Blackwood Field was opened in 1921 to house the First Squadron, Air Service, Tennessee National Guard. This former military airfield was located on the property of The Hermitage (the home of President Andrew Jackson).
Veterans began recruiting efforts and conducting drills (without pay). They raised funds ($3,000), and H.O. Blackwood donated the property and gave $1,000 to aid the construction of the field.
The airfield property consisted of a 100-acre flying site complete with a World War I hangar moved from Memphis and was known as Blackwood Field.
On December 4, 1921, the unit received federal recognition and was designated the 136th Air Observation Squadron, flying four new Curtiss JN–6HG “Jennys” and one DH-4B DeHavilland aircraft. Remains of concrete footings are visible from adjacent Shute Lane when vegetation doesn’t block the view.
The flying unit at Blackwood Field was re-designated the 136th Air Observation Squadron at the end of 1921 and operated four new Curtiss JN-6HG Jennys and one DeHavilland DH-4B aircraft. Blackwood’s squadron was further re-designated the 105th Observation Squadron in 1923.
Today, the Squadron patch still reflects Andrew Jackson, “Old Hickory,” on horseback.
The first airmail flight from Nashville was conducted from Blackwood Field to Chicago in 1924.
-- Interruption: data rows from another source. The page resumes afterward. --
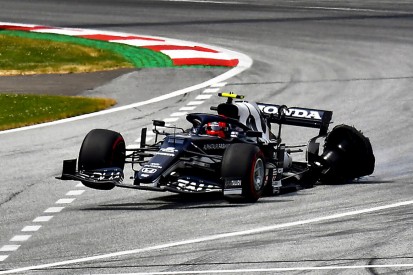 Pierre Gasly: Trotz Kollision nicht sauer auf Charles Leclerc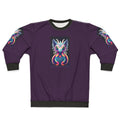 Legendary Creature Sweatshirt with Enchanting Forest Fantasy Design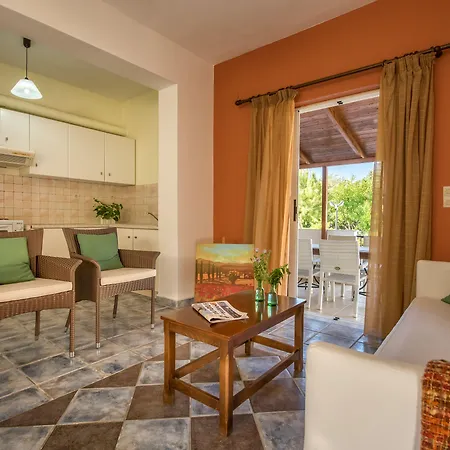 Lofos Soilis Hotel de apartamente Tragaki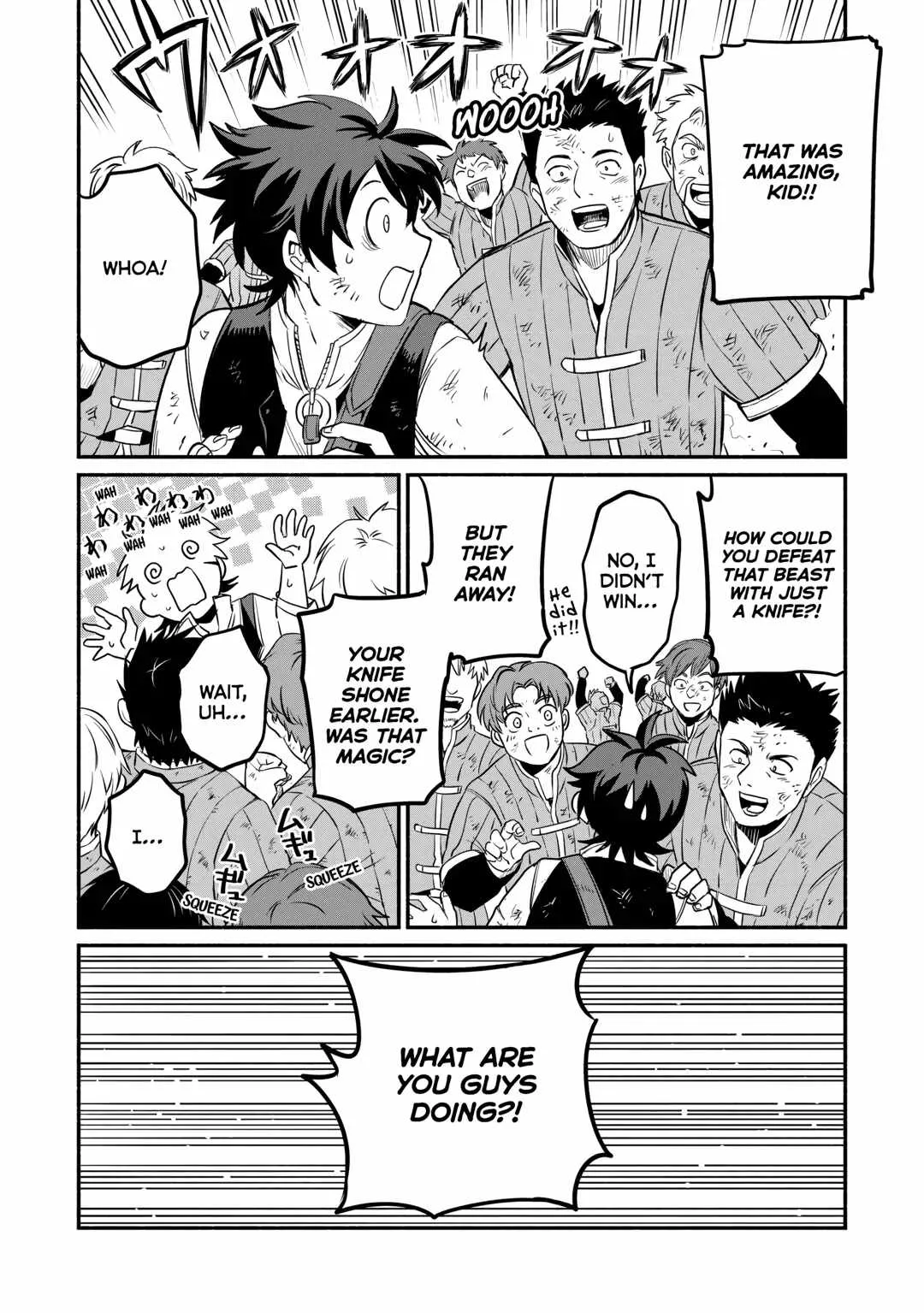 I Started A New Life After Being Kicked Out Of The Hero Party Chapter 50 page 24
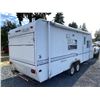 Image 3 : 2001 TRAILLIGHT TRAVEL TRAILER, WHITE. - D016839
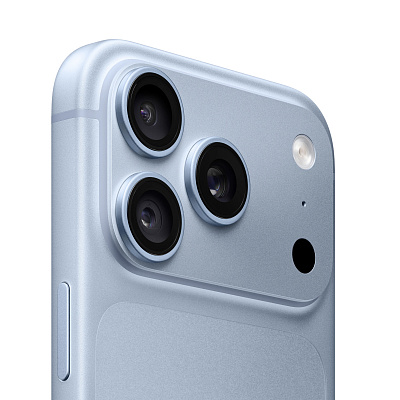 Смартфон Apple iPhone 18 Pro Max (eSim) 2 ТБ Небесно-голубой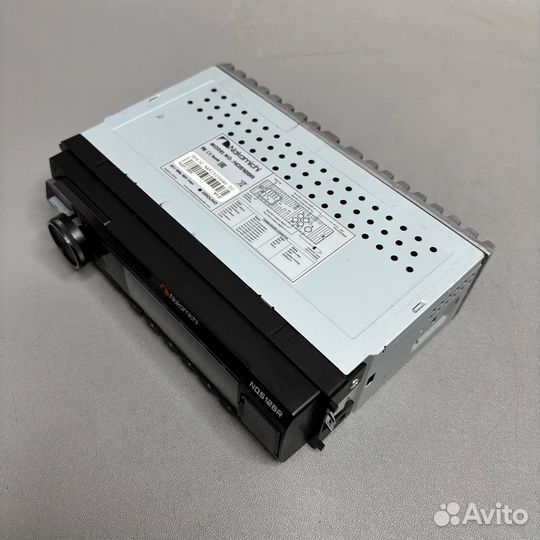 Автомагнитола Nakamichi NQ512BR, 1 Din, 4x50вт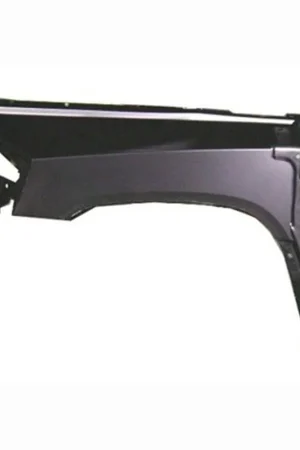 Free Returns Left Side Front fender assy 2006 - 2007 DODGE DAKOTA CAPA CH1240241PP 55359249AD - CAPA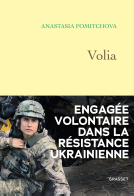 Couverture du livre pour Volia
Due to poor condition of the unpaved roads leading to Blackwood Field (and the cost of improving them) it was removed from contention for serving as a permanent airmail airfield for Nashville.
The increasing use of airmail also brought about the need for a closer airport to Nashville, eventually leading to the establishment of McConnell Field (west of downtown Nashville) in 1927. “Although local pilots continued to use Blackwood Field for a time, it was closed in 1928.”